In the listing below, find the line holding "Elegant Black Heels" and the line holding "Photo of property". Write out those two lines and all lines between, exactly, and nothing more.

:: DATA FOR THIS TASK ::
++++++++
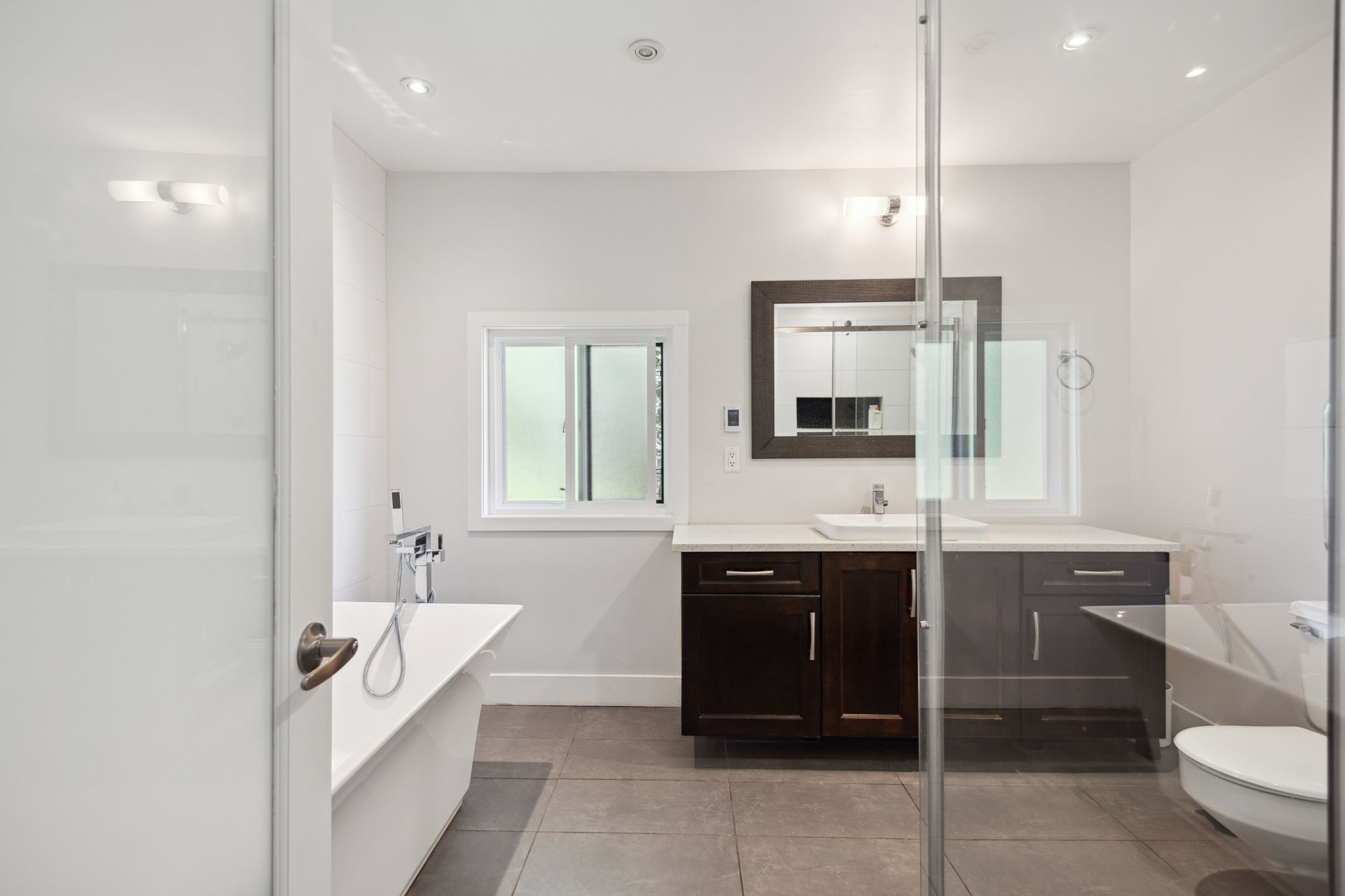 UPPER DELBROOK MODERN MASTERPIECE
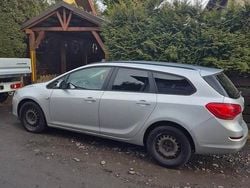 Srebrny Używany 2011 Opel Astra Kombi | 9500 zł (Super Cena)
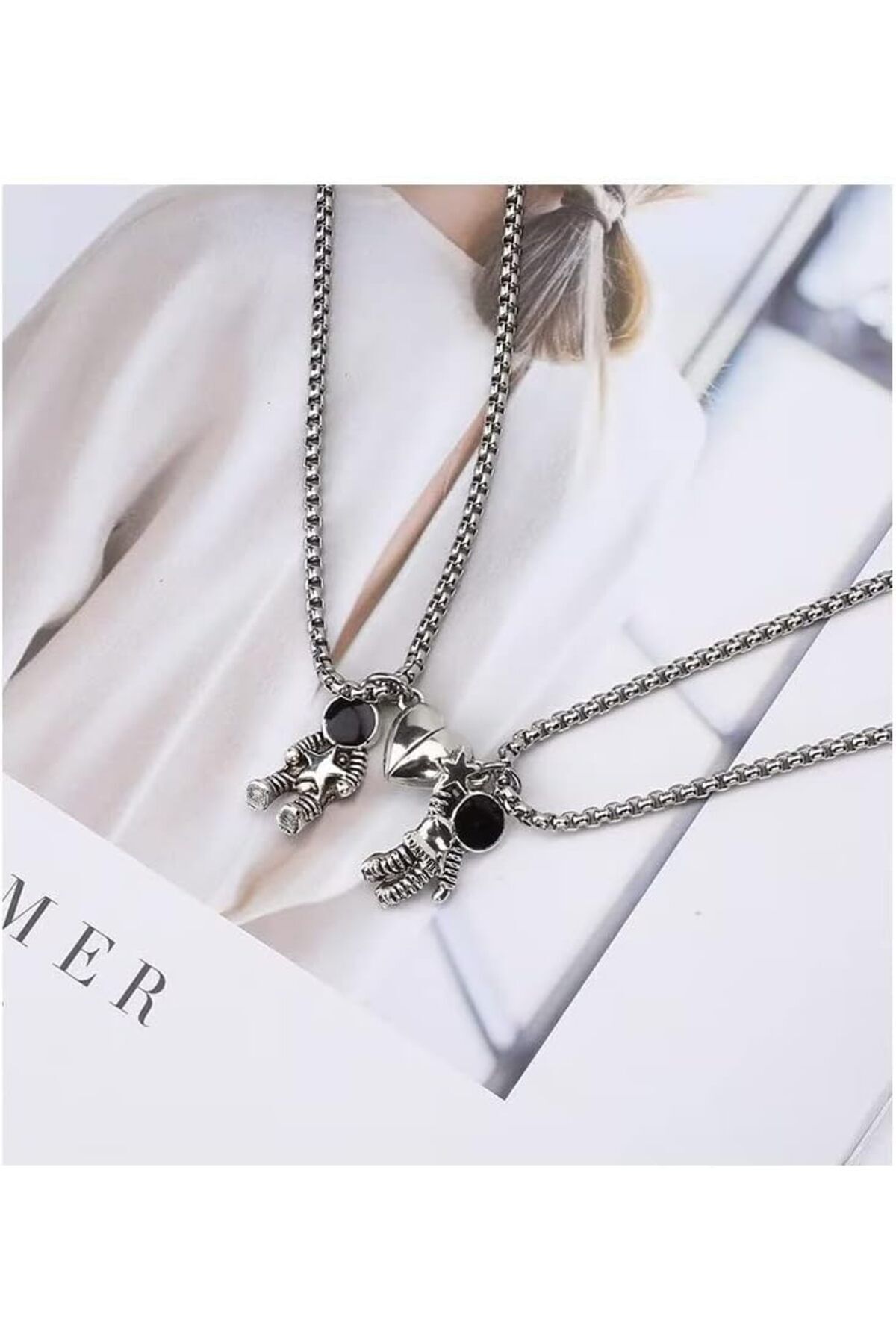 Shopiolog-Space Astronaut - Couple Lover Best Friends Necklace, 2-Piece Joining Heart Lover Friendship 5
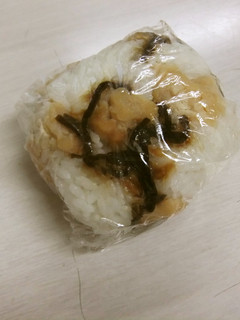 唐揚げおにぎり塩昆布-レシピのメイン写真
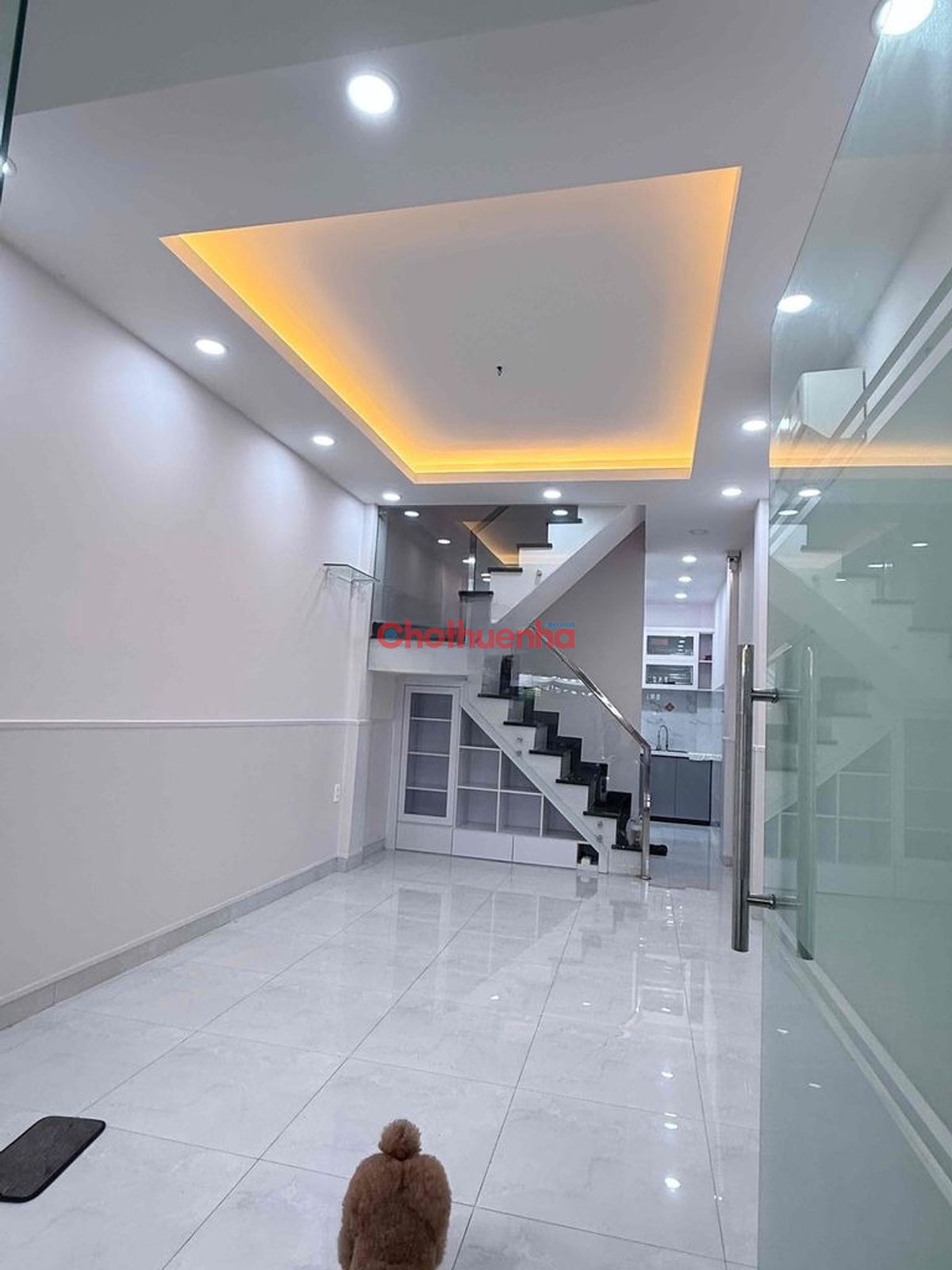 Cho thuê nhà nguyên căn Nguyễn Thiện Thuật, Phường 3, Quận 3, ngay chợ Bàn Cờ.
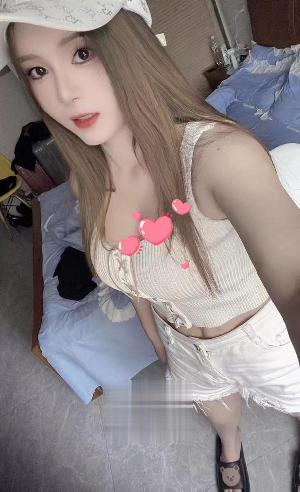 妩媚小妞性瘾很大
++++++++
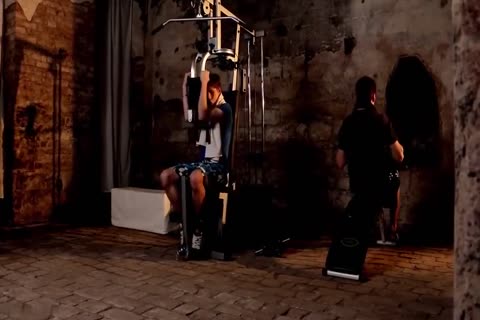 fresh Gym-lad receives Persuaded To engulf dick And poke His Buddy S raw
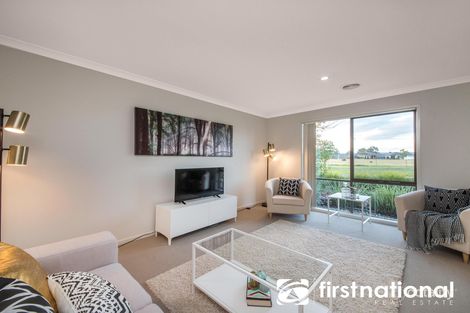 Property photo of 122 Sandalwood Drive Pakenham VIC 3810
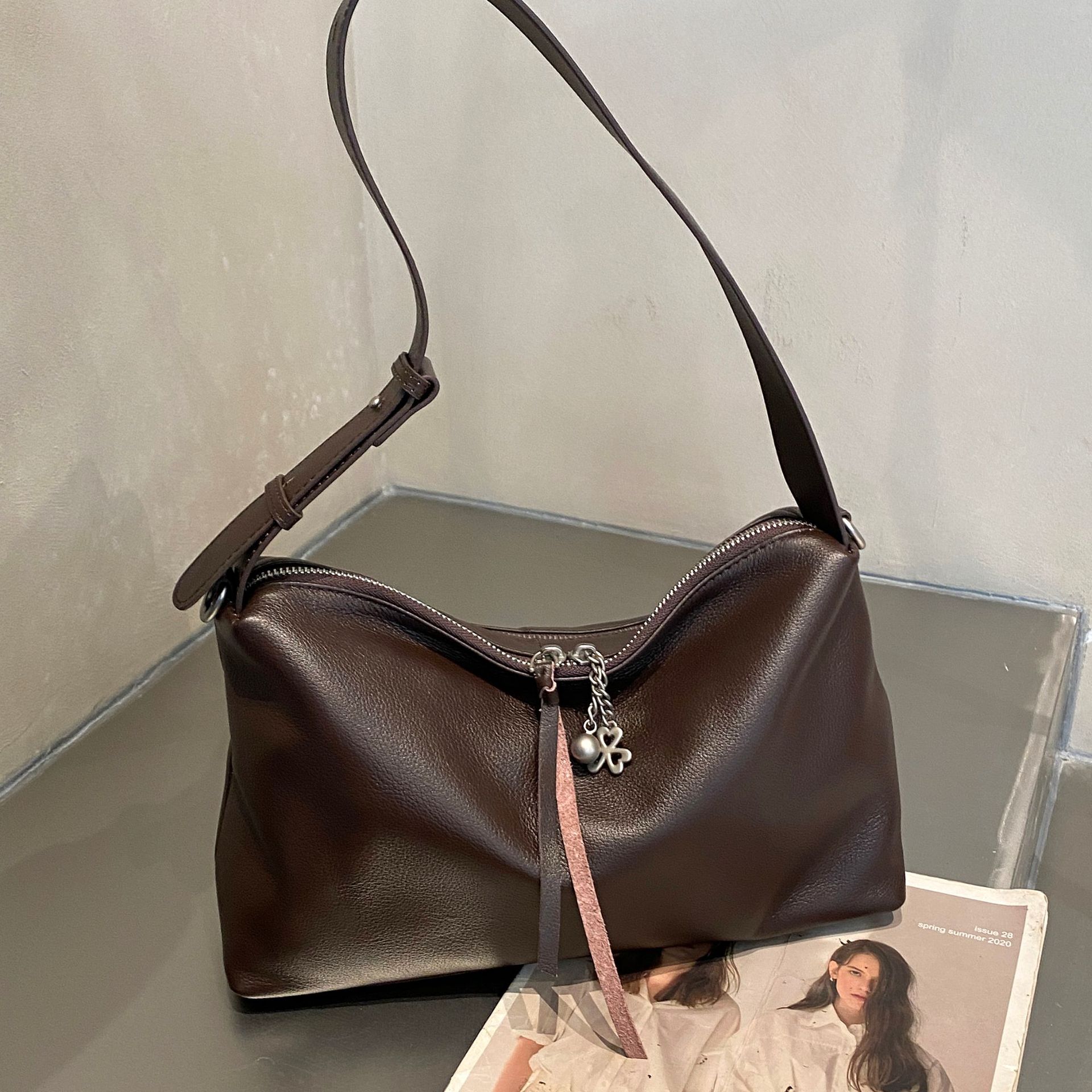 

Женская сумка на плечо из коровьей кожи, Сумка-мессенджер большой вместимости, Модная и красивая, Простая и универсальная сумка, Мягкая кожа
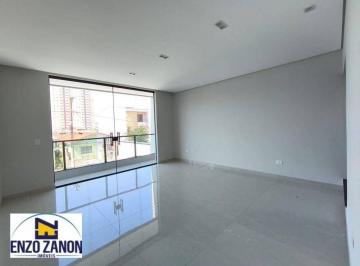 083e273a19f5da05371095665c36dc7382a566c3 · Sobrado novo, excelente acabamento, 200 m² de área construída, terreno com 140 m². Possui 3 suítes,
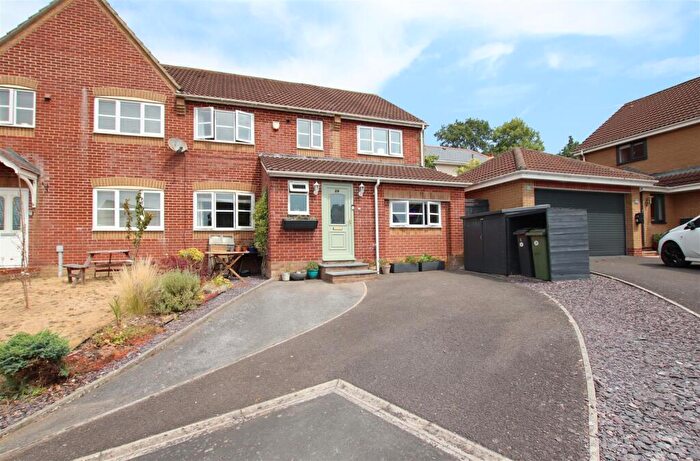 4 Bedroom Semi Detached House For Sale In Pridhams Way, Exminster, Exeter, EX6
++++++++
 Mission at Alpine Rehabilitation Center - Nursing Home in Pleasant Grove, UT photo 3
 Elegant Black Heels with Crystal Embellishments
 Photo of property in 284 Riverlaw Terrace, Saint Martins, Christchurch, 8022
++++++++
:: RESPONSE BELOW ::
 Elegant Black Heels with Crystal Embellishments
 Photo of property in 284 Riverlaw Terrace, Saint Martins, Christchurch, 8022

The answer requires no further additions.